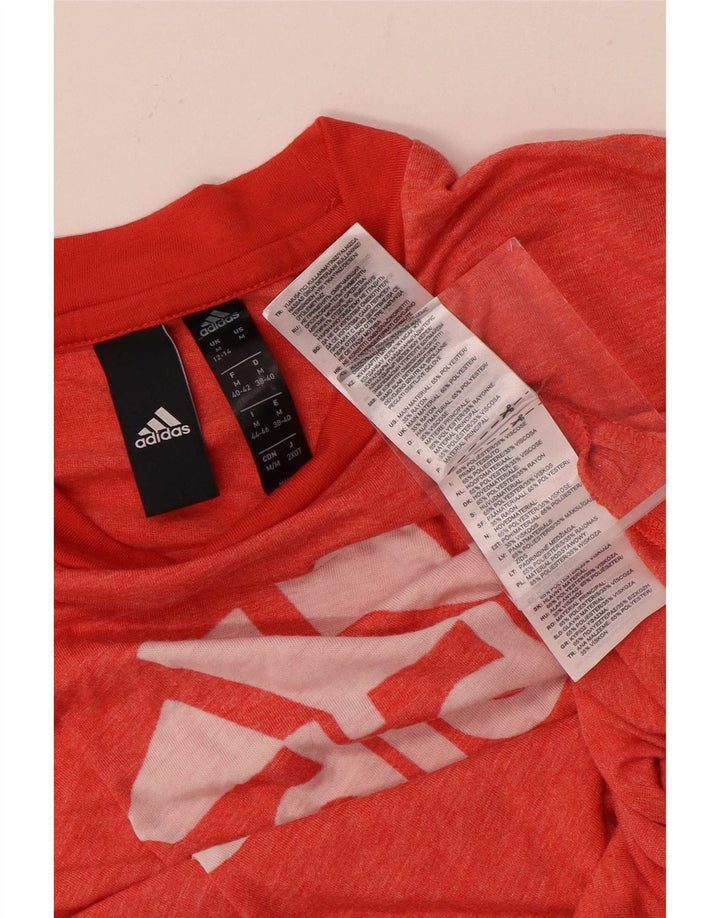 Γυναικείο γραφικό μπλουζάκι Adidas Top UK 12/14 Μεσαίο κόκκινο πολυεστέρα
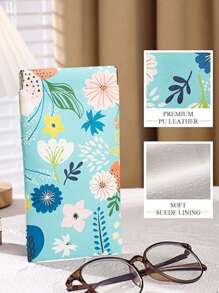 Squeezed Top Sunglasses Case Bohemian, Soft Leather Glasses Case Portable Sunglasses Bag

::::::

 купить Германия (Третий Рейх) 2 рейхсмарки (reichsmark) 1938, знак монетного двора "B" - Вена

::::::

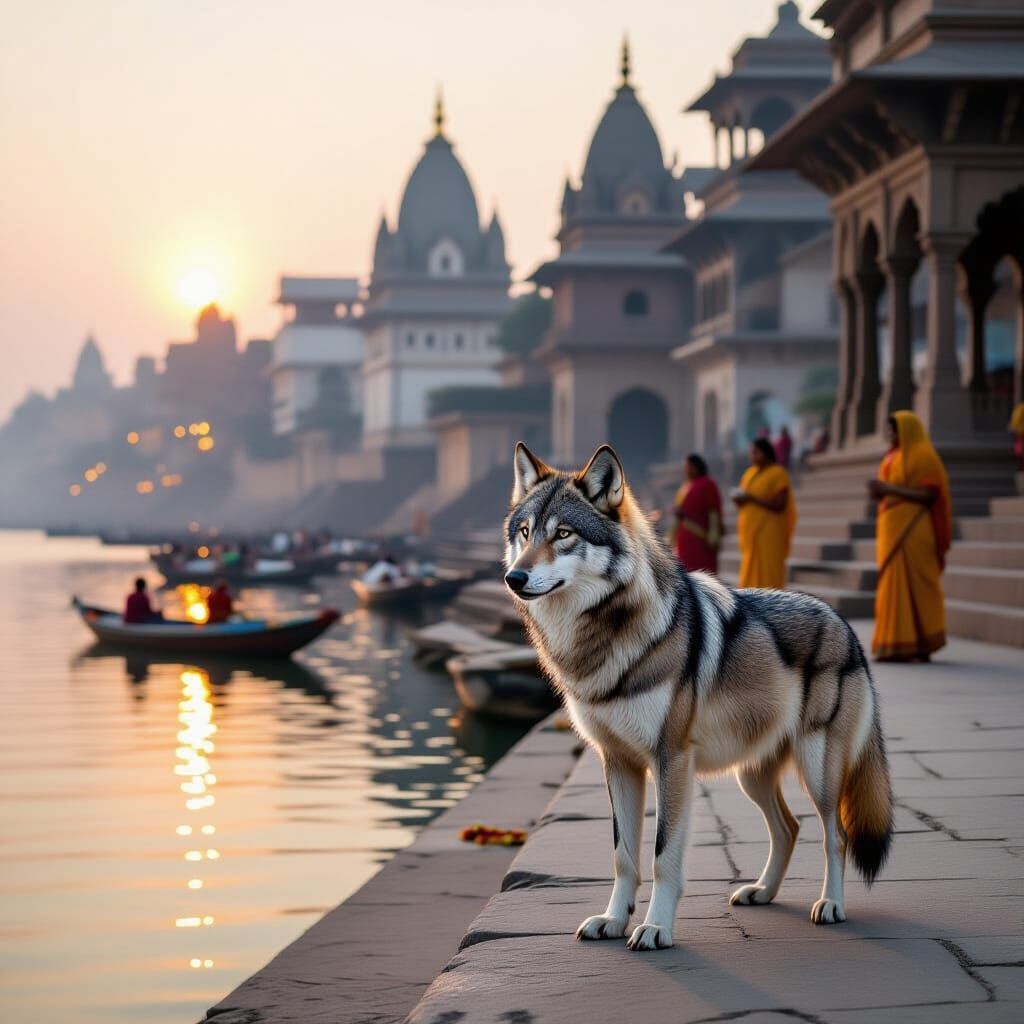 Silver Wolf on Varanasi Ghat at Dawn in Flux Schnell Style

::::::

Problem details ▸ Print exactly the lines above that run from the one with "Γυναικείο γραφικό μπλουζάκι" to the one with "Squeezed Top Sunglasses", both included. No pictures.

Answer to the exercise ▸
 Γυναικείο γραφικό μπλουζάκι Adidas Top UK 12/14 Μεσαίο κόκκινο πολυεστέρα
 Squeezed Top Sunglasses Case Bohemian, Soft Leather Glasses Case Portable Sunglasses Bag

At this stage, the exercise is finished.